Этот не совсем удачный мадригал, благодаря титулу, придававшему ему особое значение, заставил все-таки Елизавету вспыхнуть от удовольствия.
– Правда! Вы привезли портрет короля…
Шетарди на минуту растерялся. Он очень хлопотал о портрете в Версале, но, как и на другие свои ходатайства, получил уклончивый ответ: ему дали согласие на присылку портрета Людовика XV лишь условно – в том случае, если удастся заключить союз между Россией и Францией. Маркиз, как умел, старался теперь выпутаться из затруднения: «Желая придать своему изображению больше сходства, – уверил он Елизавету, – король заказал для нее новый портрет, и художник не успел еще закончить своей работы». Елизавета покраснела опять и подозвала рукой Брюммера и Лестока, чтоб маркиз в их присутствии повторил свой комплимент.
На этом разговор окончился. Но и сказанного было достаточно, чтоб внушить серьезные опасения врагам Франции, тем более что в последующие дни Шетарди видимо опять сблизился со своим бывшим дипломатическим союзником: Мардефельд был убежден, что Бестужев бесповоротно, и душой и телом, предан Австрии, а последние инструкции Фридриха указывали на то, что прусский король собирается возобновить свой спор с венгерской королевой. Поэтому прусский посланник был готов прийти на помощь своему французскому коллеге с тем, чтоб, в свою очередь, воспользоваться услугами, которые маркиз мог оказать их общему делу. На следующий же день после приезда маркиза в Петербург он отправил в Берлин депешу, в которой намекал на свои новые планы. В незашифрованной части этой депеши мы читаем: «Императрица приказала принцу Гессенскому послать людей, чтоб устроить переправу через Неву, и таким образом маркиз Шетарди прибыл вчера, а через два часа имел уже честь ухаживать в апартаментах господина Брюммера за ее величеством, которая сказала ему, что рада его видеть, как графа Перузского (sic), но что, если он желает говорить с нею о делах, то пусть обратится к ее министрам». А шифром к этому было прибавлено следующее: «Все это была одна игра, и императрица сделала вышеуказанный ответ Шетарди, только чтоб обмануть своих министров, он же дал ей понять, что приехал не как посол, а как преданный, верный слуга, чтоб наблюдать за ее интересами и раскрывать перед ней плутни некоторых ее министров, при этом он советовал ей вести дружбу исключительно с вашим величеством».

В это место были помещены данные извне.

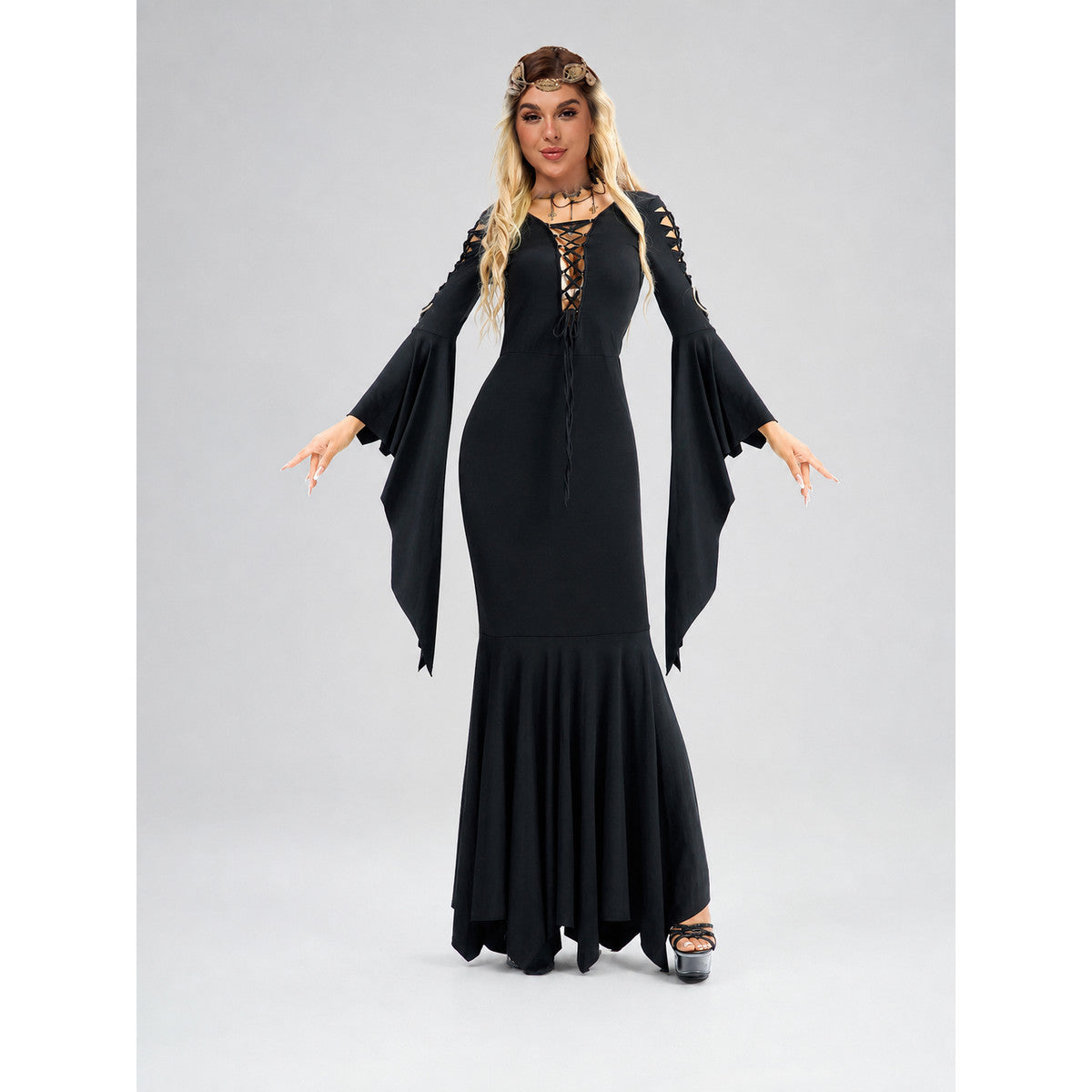 Black Gothic Lace-Up Cosplay Dress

Плохо осведомленный на этот раз, Мардефельд, очевидно, передавал лишь то, что слышал от самого Шетарди. Но он верил своему коллеге на слово и через несколько дней писал опять: «Маркиз так же хорошо принят при дворе, как и в былые времена». Это было верно, но было преждевременно все-таки приписывать этому большое значение. Шетарди, правда, имел свободный доступ во дворец, где его встречали очень любезно. Он присутствовал на всех приемах и торжествах и в день основания ордена Андрея Первозванного появился залитый бриллиантами, о происхождении которых все перешептывались между собой, а английский посланник заметил лукаво, что, вследствие толкотни во дворце, одна из великолепных звезд на груди маркиза потеряла несколько лучей. Но, несмотря на весь этот наружный почет, сам маркиз не мог не видеть, что Елизавета упорно избегает деловых разговоров с ним, хоть и относится к нему по-прежнему милостиво. Ее же министры, которых он пытался игнорировать, откровенно платили ему тем же и подчеркивали, что признают представителем Франции одного д’Аллиона, отказываясь, впрочем, входить с этим последним в сношения, так как в его нотах не упоминался императорский титул. И д’Аллион – в своих депешах в Версаль и в разговоре с возвратившимся послом, который в сущности послом не был – доказывал все более горячо и настойчиво на неудобства такого неестественного положения. Оно создавало между маркизом и его подчиненным натянутые отношения и должно было неизбежно привести к полному разрыву между ними, что и произошло вскоре в самой нежелательной форме.